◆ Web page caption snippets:
————

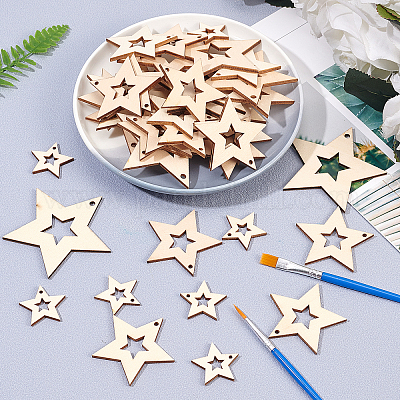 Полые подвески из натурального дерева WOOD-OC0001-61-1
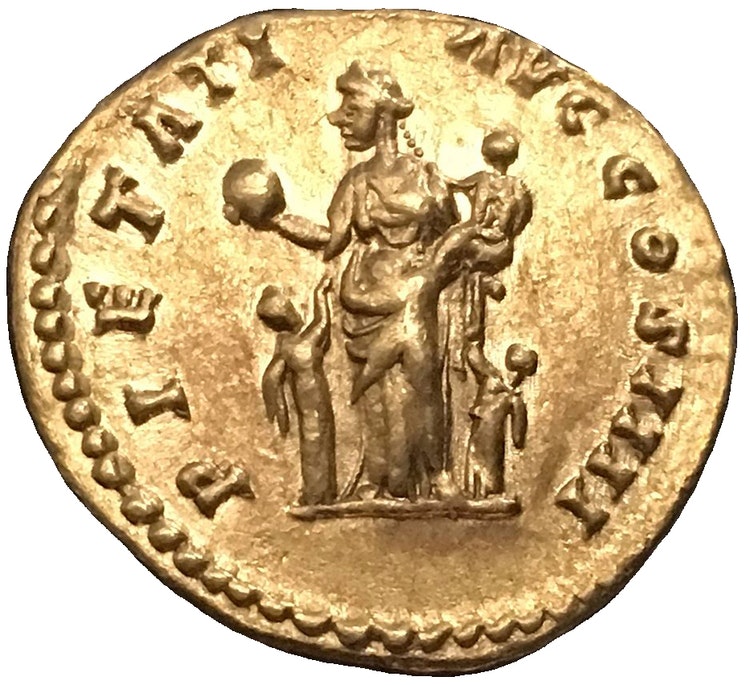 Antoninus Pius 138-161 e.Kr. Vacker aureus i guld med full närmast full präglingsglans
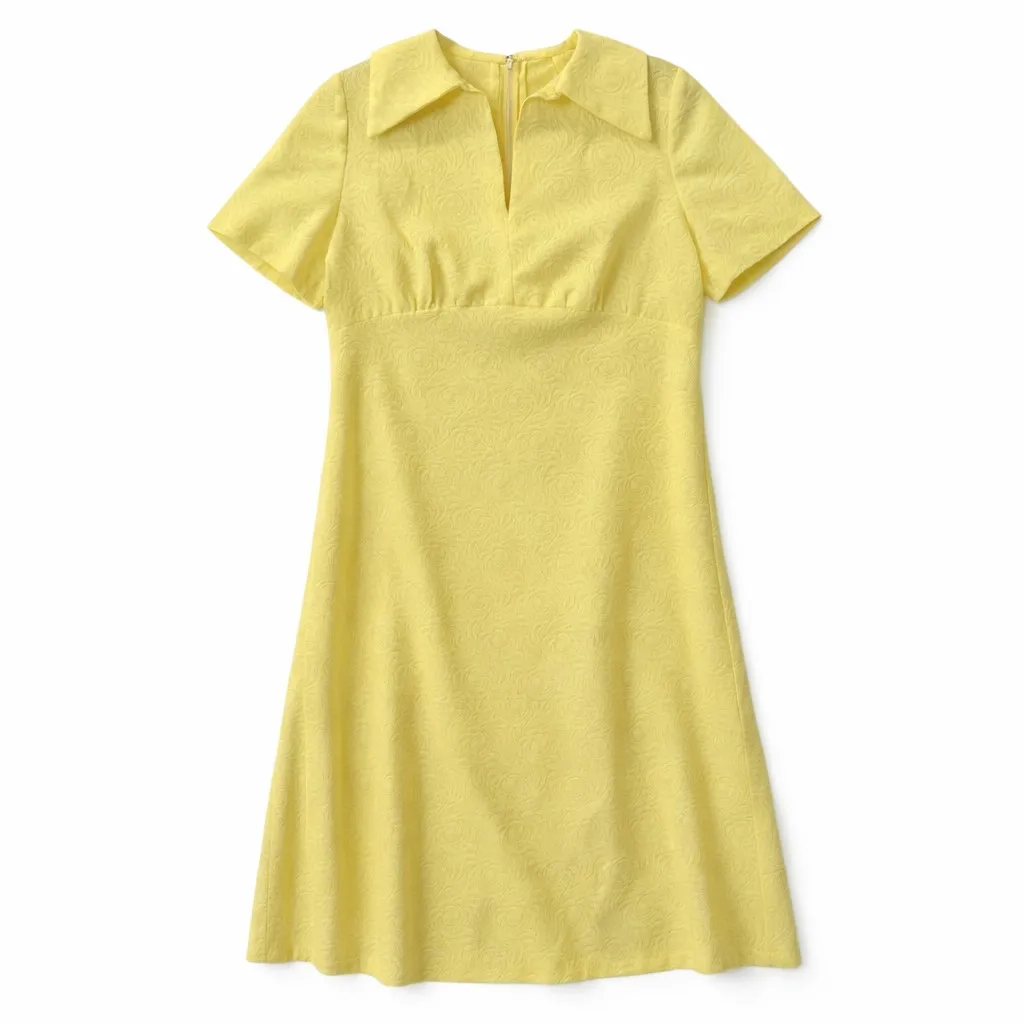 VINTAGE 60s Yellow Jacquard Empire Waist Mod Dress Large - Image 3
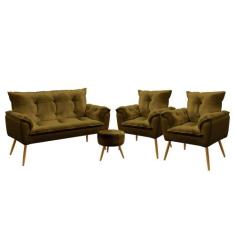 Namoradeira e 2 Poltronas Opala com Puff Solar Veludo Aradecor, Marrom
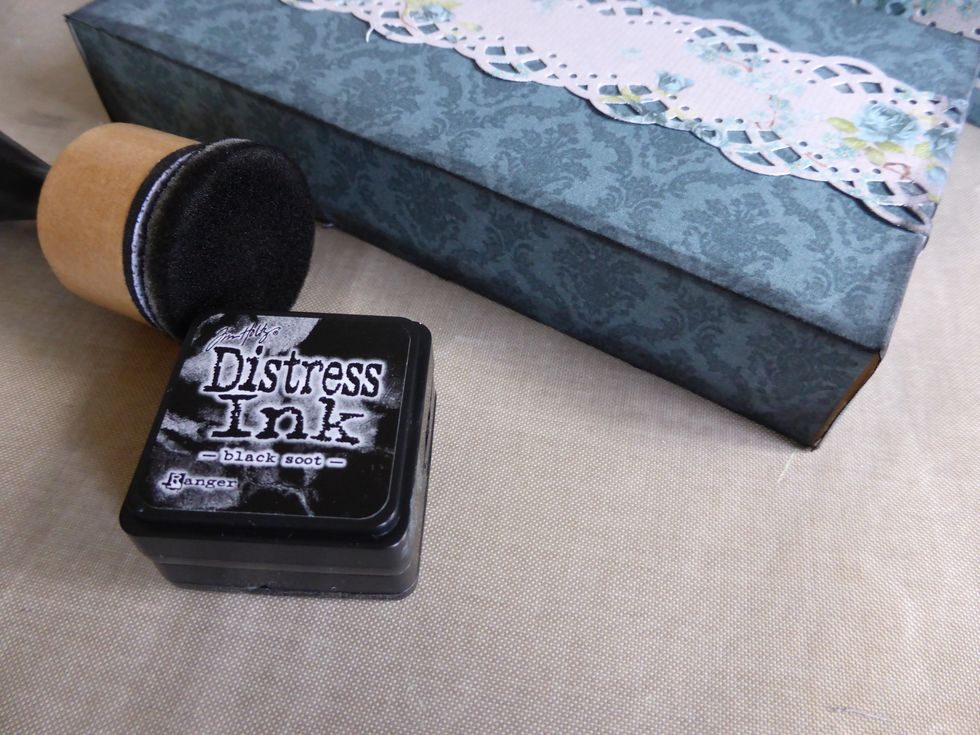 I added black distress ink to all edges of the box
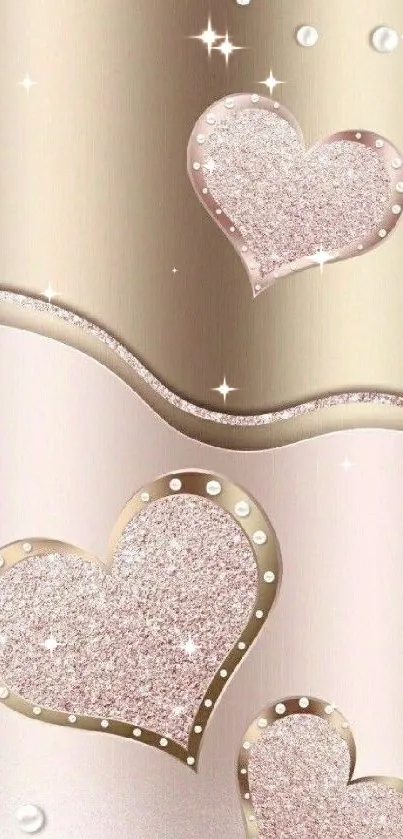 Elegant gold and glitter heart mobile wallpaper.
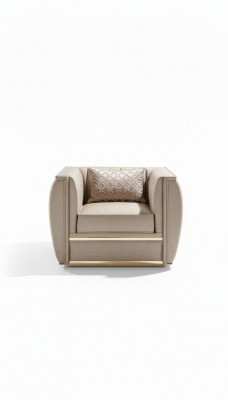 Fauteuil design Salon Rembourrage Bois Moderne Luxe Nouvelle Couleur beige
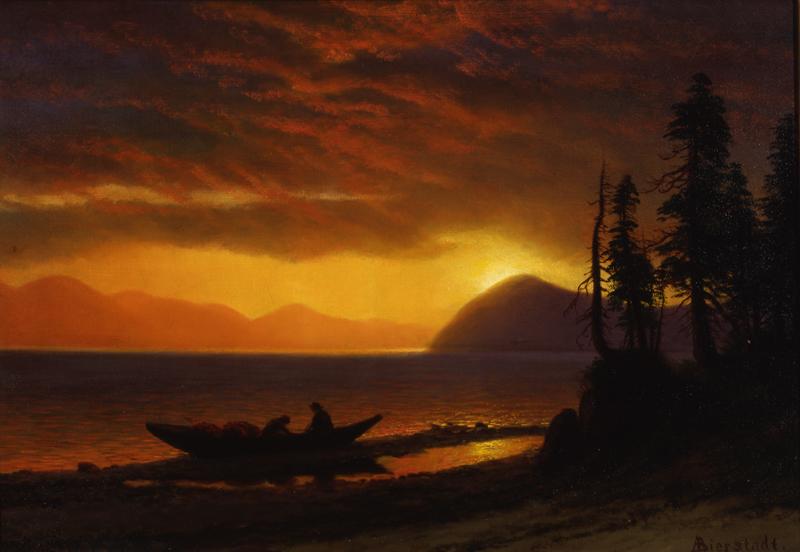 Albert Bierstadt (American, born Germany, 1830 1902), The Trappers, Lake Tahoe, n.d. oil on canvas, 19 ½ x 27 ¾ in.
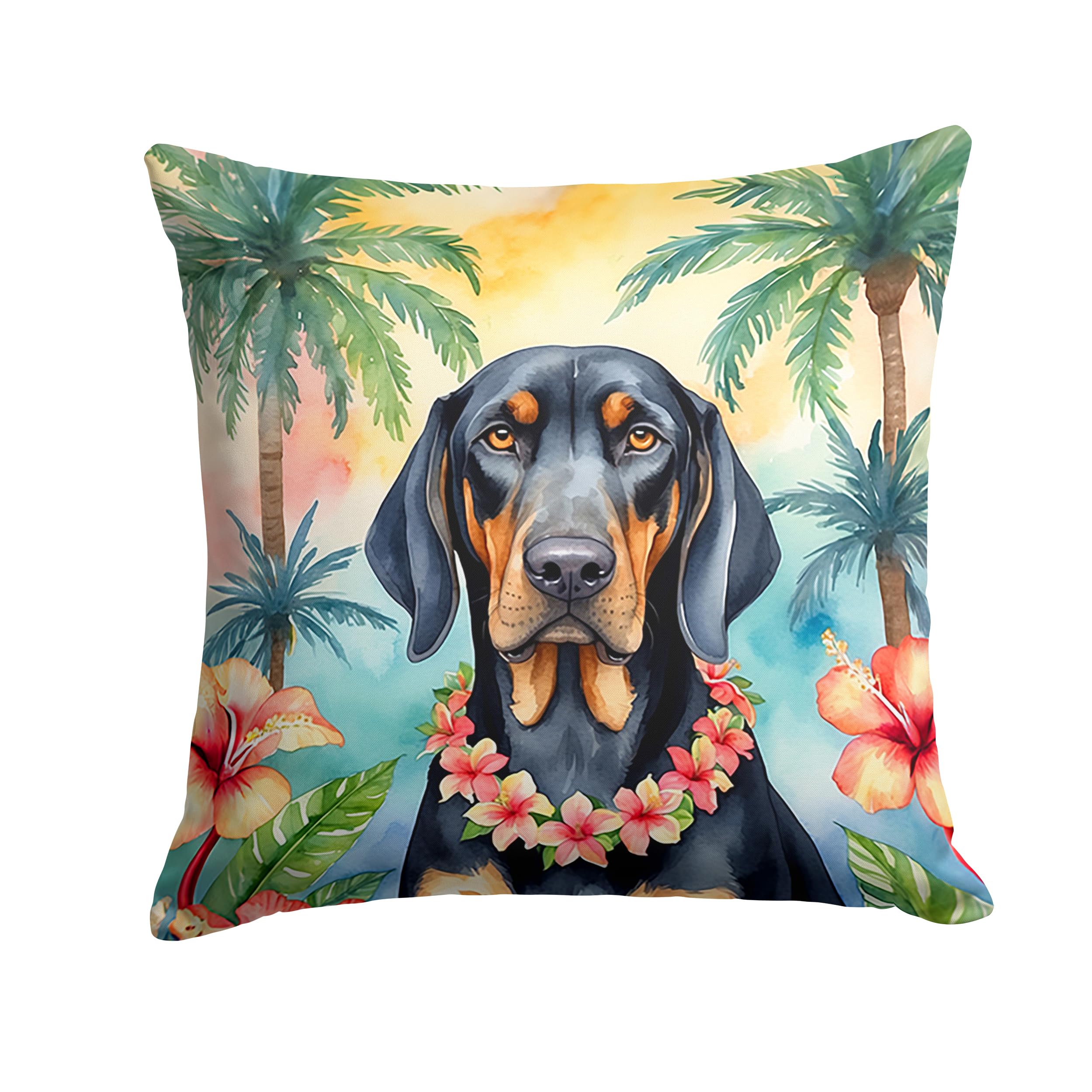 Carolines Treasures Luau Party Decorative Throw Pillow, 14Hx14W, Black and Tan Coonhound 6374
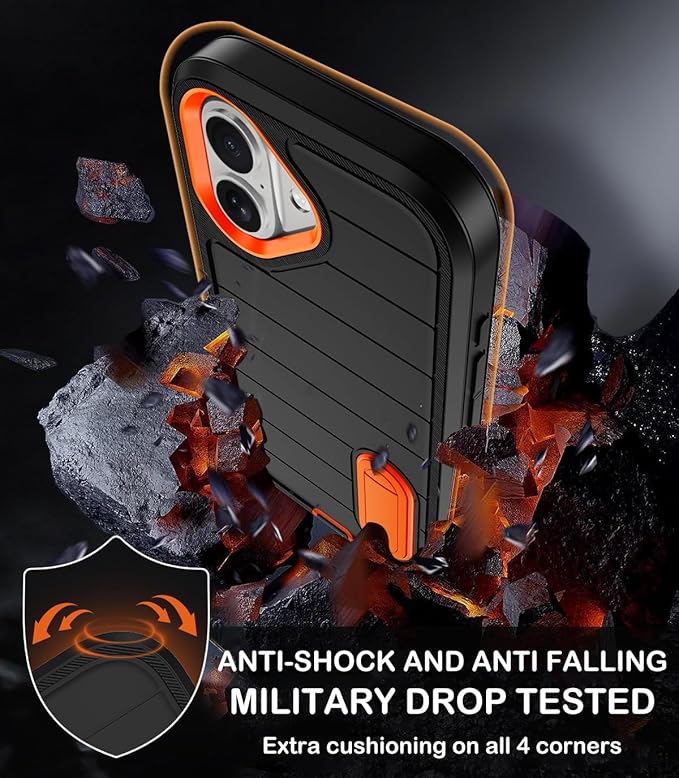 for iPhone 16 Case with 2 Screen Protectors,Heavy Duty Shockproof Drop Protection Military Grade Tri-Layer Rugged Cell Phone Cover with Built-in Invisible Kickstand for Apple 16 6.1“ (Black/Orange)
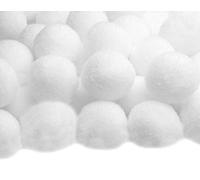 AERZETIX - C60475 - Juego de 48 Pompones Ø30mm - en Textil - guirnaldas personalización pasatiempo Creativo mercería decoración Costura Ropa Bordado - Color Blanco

————

◆ ACTIVITY: From the line containing "VINTAGE 60s Yellow" through the line containing "Fauteuil design Salon", copy every line above exactly, without pictures.

◆ SOLUTION TO THIS PROBLEM:
 VINTAGE 60s Yellow Jacquard Empire Waist Mod Dress Large - Image 3
 Namoradeira e 2 Poltronas Opala com Puff Solar Veludo Aradecor, Marrom
 I added black distress ink to all edges of the box
 Elegant gold and glitter heart mobile wallpaper.
 Fauteuil design Salon Rembourrage Bois Moderne Luxe Nouvelle Couleur beige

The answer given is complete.